Armed with know-how from managing candycentric nightclub Sugar Factory and the VIP suites at Yankee Stadium, Bond wanted to strike out on her own.
She looked at more than 100 spaces on the Upper East Side over two and a half years before finding 1,500 square feet — formerly two studio apartments and a threading salon — in November 2016. A yearlong renovation has yielded a decadent bar with a vintage vibe that serves some creative and unique drinks.
In the hidden back room, guests recline on tufted banquettes under exposed brick, chandeliers and gilded picture frames. The glowing bar, lined with stools upholstered in hot pink and studs, is stacked with exotic liqueurs and house-made syrups.
Most prominent is a painting of Notorious B.I.G. — the late rapper’s funeral was held a few blocks away at the Frank E. Campbell Funeral Chapel on Madison Avenue — flanked by others with Upper East Side connections: oil magnate John D. Rockefeller, designer Vera Wang, Jackie Kennedy Onassis and Martin Scorsese.
Bond also masterminded the drinks (about $15), named after area institutions, from Gracie Mansion to the Metropolitan Museum of Art.
Other popular cocktails include Girls Gossip on the East (rosé, tequila and prosecco, topped with melon balls and a strip of corn husk lit on fire) and Next Stop Hunter College (chocolate stout, cookie butter spread and chocolate ice cream), which each come in a cone-shaped glass. Another playful order, Tea at the Carlyle, comes in an antique cup with a lollipop and Pop Rocks on the side.
To keep things classy, Bond has instituted a strict dress code, banning athletic wear, hats and sneakers. And Yelp commenters have lambasted her for it.
“Honey, this is the Upper East Side,” Bond says. “We just want to keep [the] integrity and ambiance of the space.”

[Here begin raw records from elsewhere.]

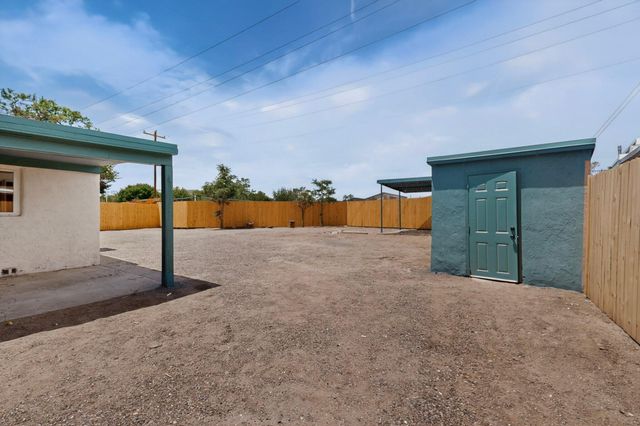 1525 Summer Avenue NW, Albuquerque, NM 87104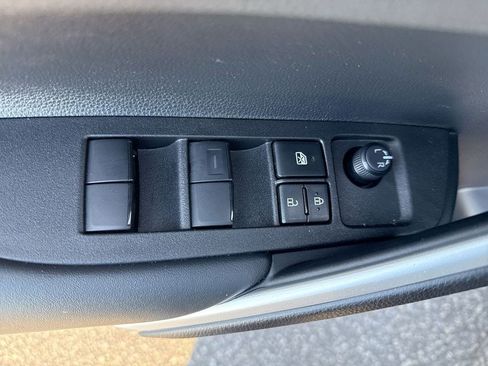 Used 2025 Toyota Corolla Cross XLE image 21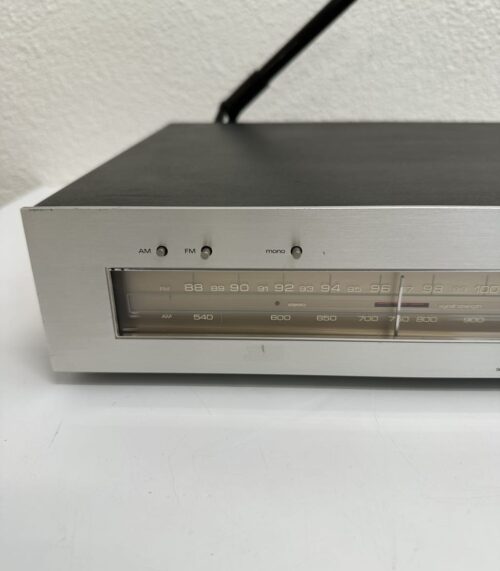 Vintage Luxman T-2 Stereo Tuner schwarz silber
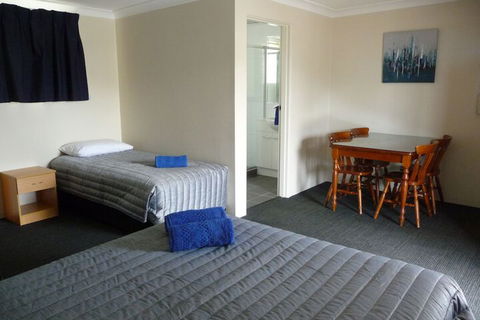 Moura Motel - Kalgoorlie Accommodation 5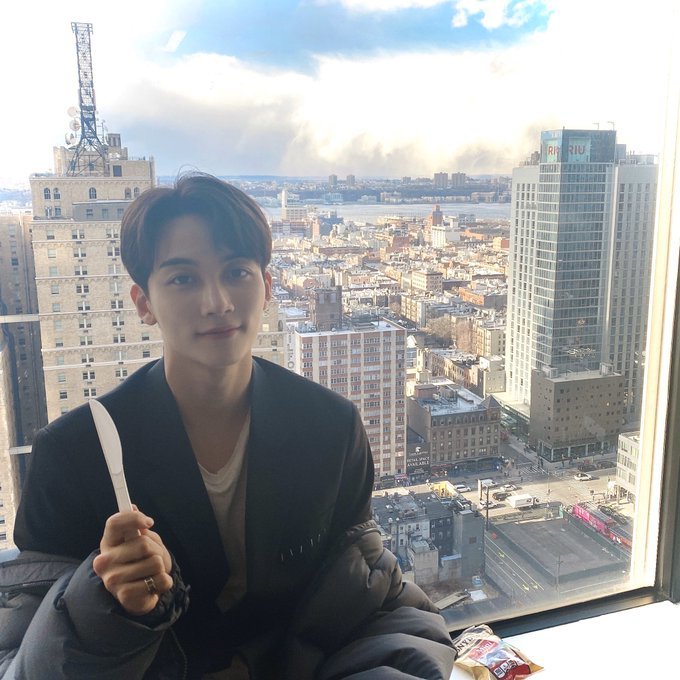 knives in his hands are apparently a common occurrence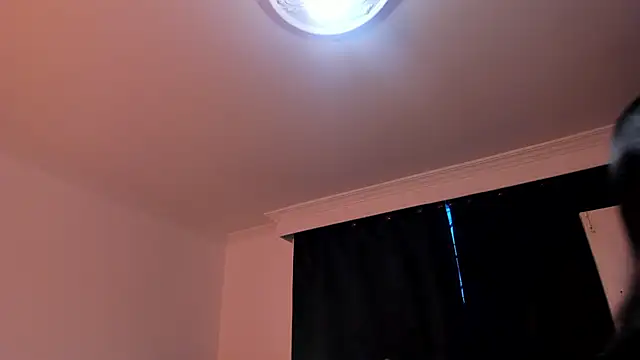 Snapshot of AbbyLewiis chatting on 11.23.25 AbbyLewiis online show from 11.23.25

It doesn’t seem to deter a diverse crowd of early adopters. (Bond says Alec Baldwin walked in a few weeks ago.)
“I have the CEO of a hedge fund enjoying his bottle of wine with his black [American Express card], and then I have a young couple on a Tinder date sitting right next to him,” Bond says. “I’ve got an old record player with 45s, and then I’ve got a table covered with sprinkles that all the Instagrammers love. It shouldn’t just be one or the other.”